-- WORK TO BE COMPLETED --
Would you retype the whole listing verbatim, keeping pictures out of it?

-- SUPPLIED RECORDS --
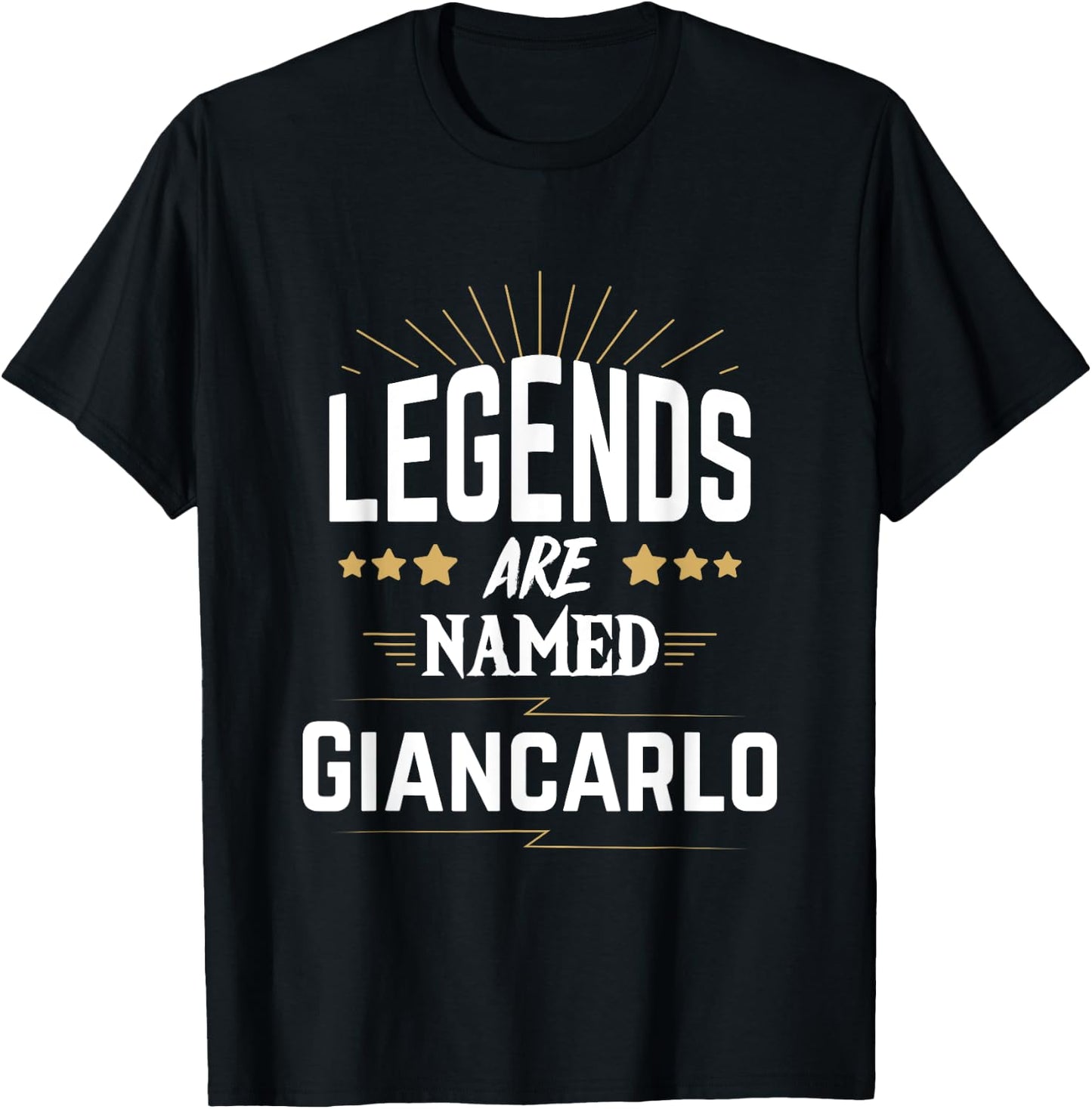 Legends Are Named Giancarlo T-Shirt - T-Shirt | Black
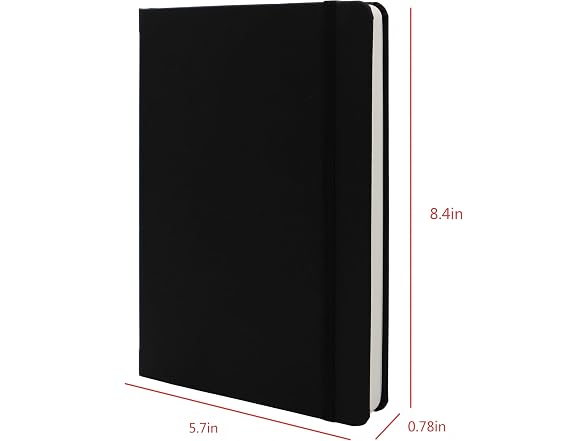 Amazon Basics Executive Blank Notebook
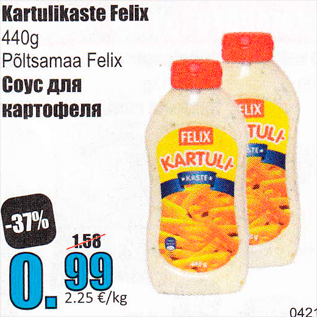 Allahindlus - Kartulikaste Felix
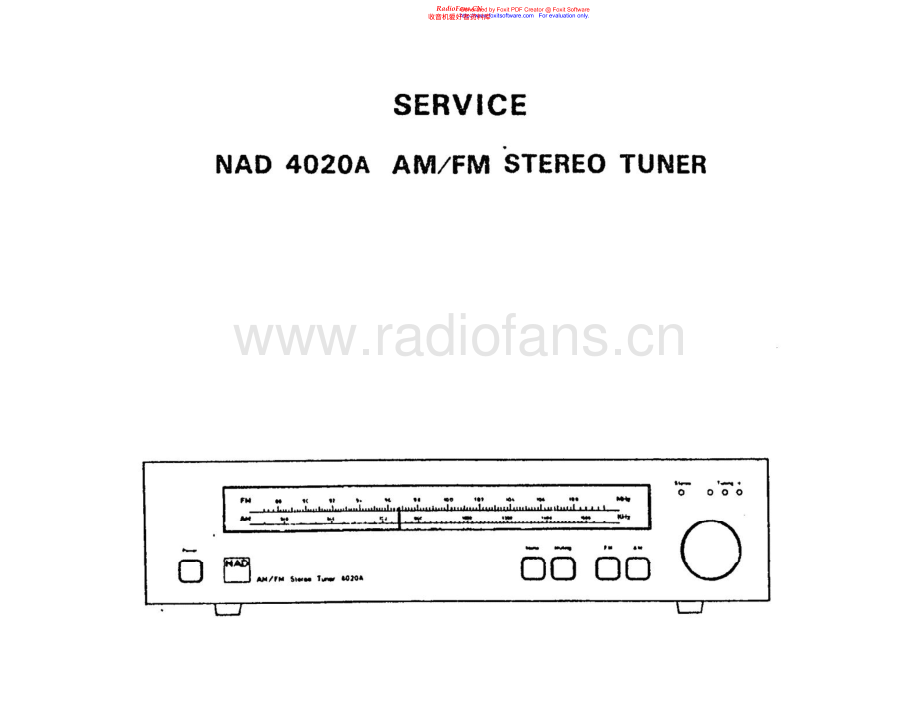 NAD-4020A-tun-sch 维修电路原理图.pdf_第1页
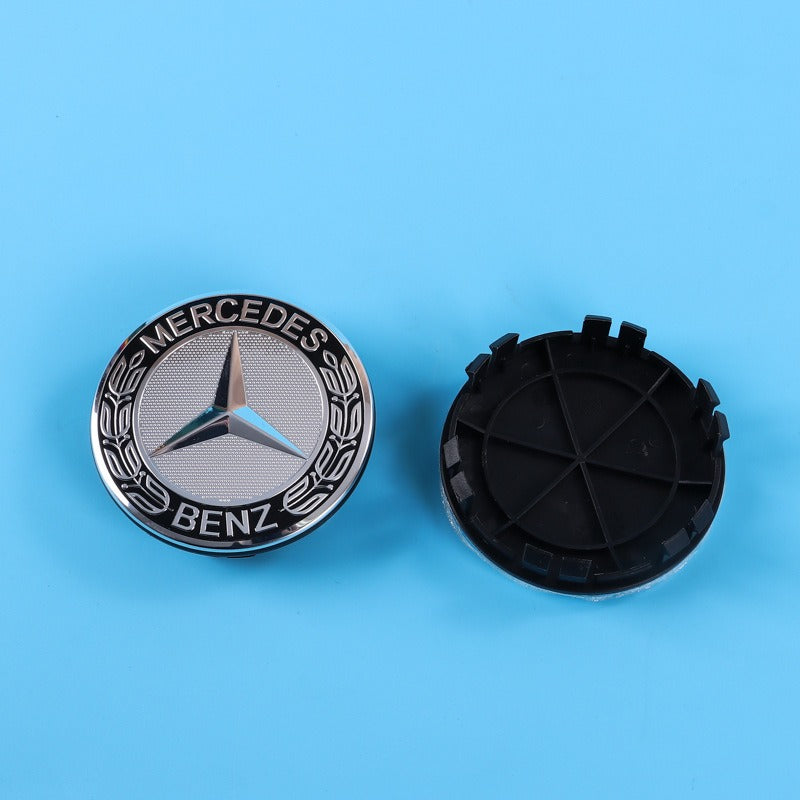 75mm Wheel Centre Cap Cover Fits Mercedes Benz Caps Hub Blue Red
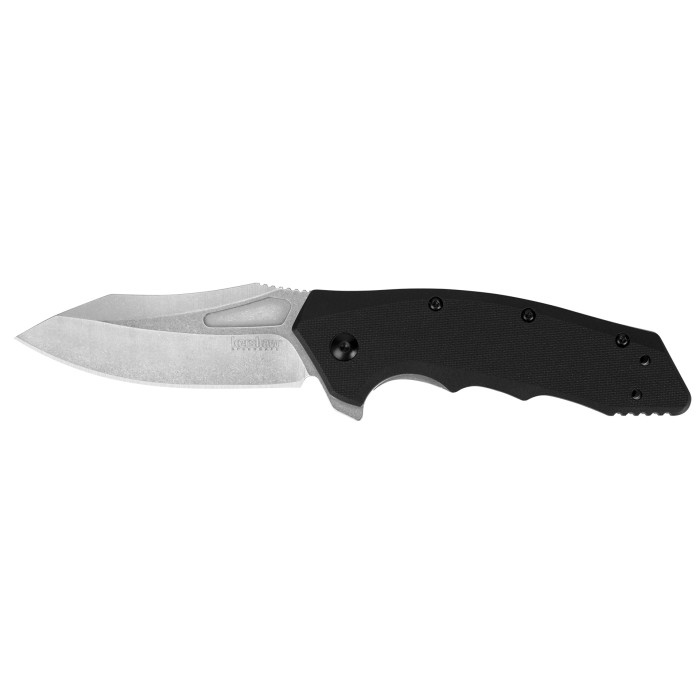 Kershaw Knives Flitch 3930 8Cr13MoV Stainless Black Nylon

-- WORKED SOLUTION --
 Legends Are Named Giancarlo T-Shirt - T-Shirt | Black
 Amazon Basics Executive Blank Notebook
 Allahindlus - Kartulikaste Felix
 NAD-4020A-tun-sch 维修电路原理图.pdf_第1页
 75mm Wheel Centre Cap Cover Fits Mercedes Benz Caps Hub Blue Red
 Kershaw Knives Flitch 3930 8Cr13MoV Stainless Black Nylon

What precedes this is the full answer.